Je ne vais pas vous étaler ici toute la tartine qu'ils m'ont transmise il y a peu, mais je peux vous assurer que l'on tient là une bande de types pas comme les autres. Il suffit d'aller faire un petit tour sur leur site Internet pour vous en convaincre: il y a les visuels un brin new age, les MySpace multiples et surtout, la fameuse Bentopedia. Cette "Encyclopédie libre des sciences bentologiques et de tous les bentoïstes" est un grand moment de WTF intersidéral qui voit nos amis du Bento Project expliquer en long et en large leur projet et leur musique.
Parlons-en justement de leur musique: avec des tels esprits farfelus, vous vous doutiez bien qu'on n'allait pas se retrouver avec des vignettes de 3 minutes pompant les Libertines ou Phoenix. Non, le Bento Project n'a à l'heure actuelle qu'une seule plage à vous faire écouter, elle s'intitule " Bento III : be this Ocean !" et affiche quand même… 71 minutes au compteur! Mais que de bonnes choses peut-on entendre: on croise sur cette longue plage aux innombrables variations une multitude de styles qui nous font penser tantôt à Animal Collective, tantôt à Ariel Pink, quand ce n'est pas Brian Wilson, Lemmy Mötörhead, Miles Davis ou Matt Elliott qui viennent pointer le bout de leur nez.
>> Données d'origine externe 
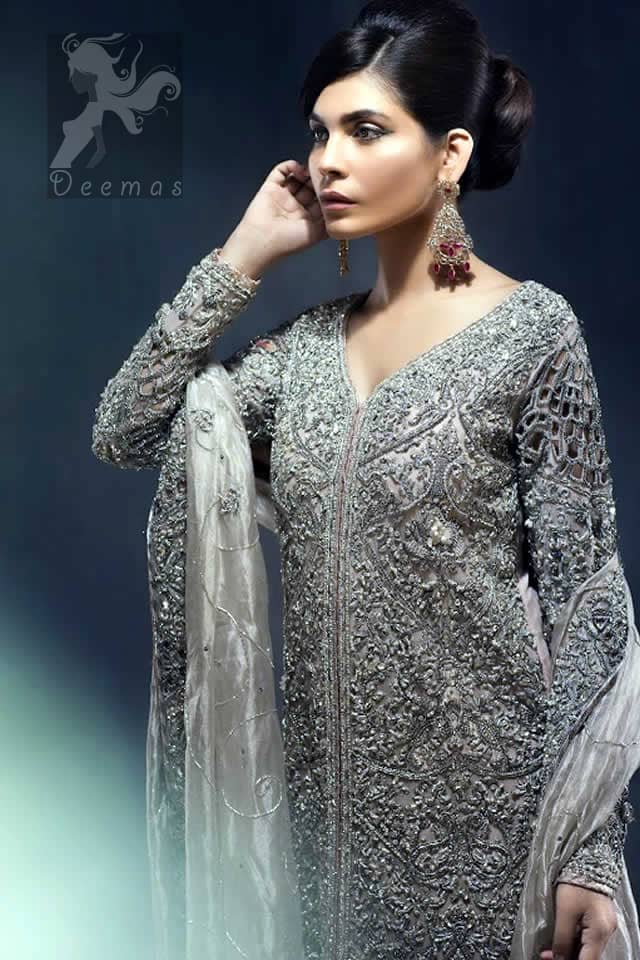 Grey bridal dress pakistani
Il y a pire comme références, vous en conviendrez. Certes, cette longue pièce n'est pas faite pour toutes les oreilles, mais si un brin d'aventure vous tente, vous allez en avoir pour votre argent.
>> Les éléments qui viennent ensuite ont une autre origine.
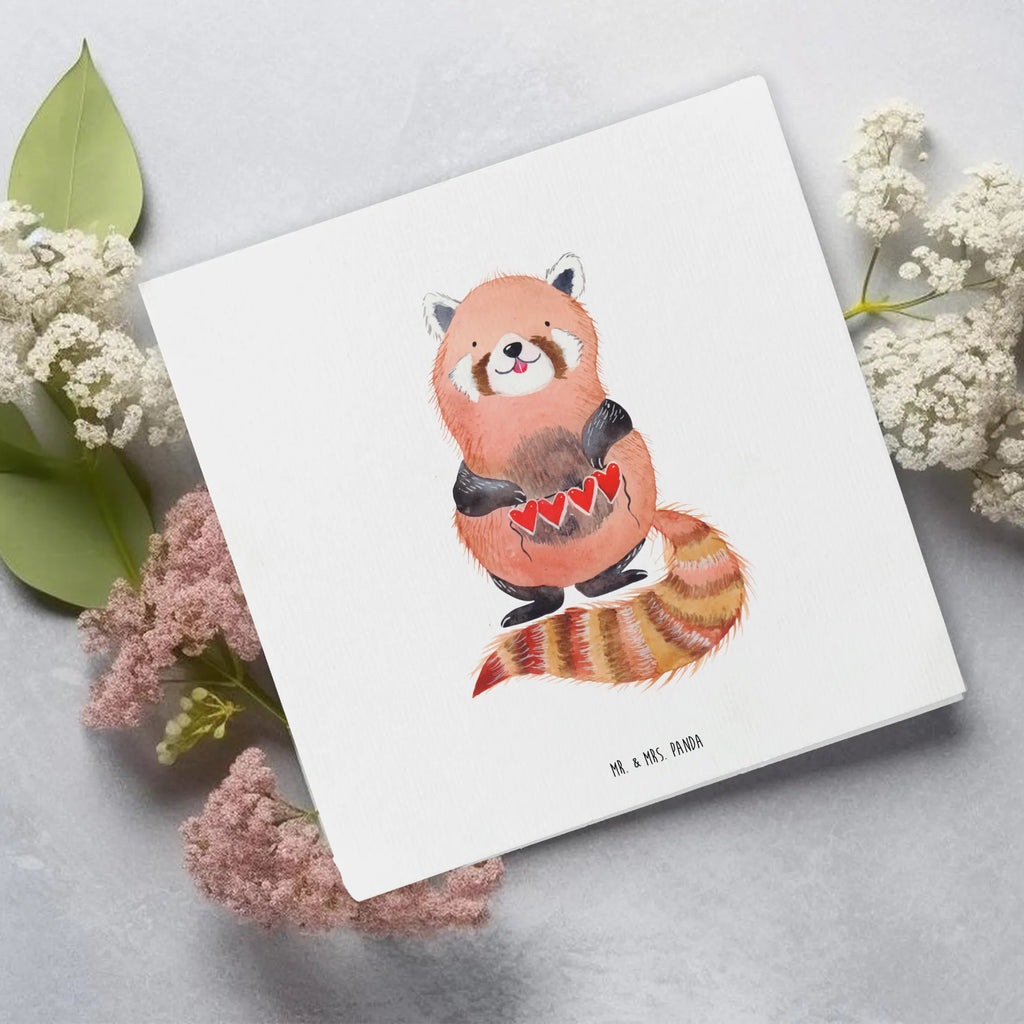 Deluxe Karte Roter Panda Hochzeitskarte, Glückwunschkarte, Grußkarte, Klappkarte, Einladungskarte, Geburtstagskarte, Karte, Hochwertige Grußkarte, Hochwertige Klappkarte, Tiermotive, Gute Laune, lustige Sprüche, Tiere, Liebe, Rot, Herz, Liebling, Panda, Lieblingsmensch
Mais le meilleur reste peut-être à venir. En effet, nos amis bentoïstes nous annoncent que ce morceau n'est qu'un élément d'une trilogie qui n'attend que votre soutien pour se dévoiler. Et que nous réserve-t-on? Je vais laisser le groupe vous le dire, non sans vous prevenir de quand même vous accrocher à votre slibard: "Le Bento vous promet en effet également une remontée aux racines des musiques folkloriques et populaires anglo-saxonnes (Bento I : Earth of the Nation), dont le développement géopolitique constituera une descente infernale dans le Broadway de l'entre-deux-guerres et la comédie musicale berlinoise (Bento II : Fire on the Reichstag). De cette origine double qui constitue le creuset fondamental du Bento, émergera le Jazz, le Rock, la Pop et une multitude d'autres germes qui ne demandent qu'à fusionner au sein d'un nouveau mouvement qui dépassera en les conservant toutes ramifications qui l'ont constituées. C'est cette pop révolutionnaire, libre, polymétrique et modale que proposera le Bento IV : The Wind blows here and there. Mais avant de nous atteler à cette révélation finale, il nous reste encore un long chemin que nous espérons parcourir en votre compagnie."
Clairement, on pourrait crier à la supercherie totale, si seulement la musique du Bento Project n'était pas aussi intrigante et finalement très bien ficelée, malgré une évidente économie de moyens imposée par le statut actuel du groupe mais compensée par un déluge d'idées astucieuses. A tester, assurément!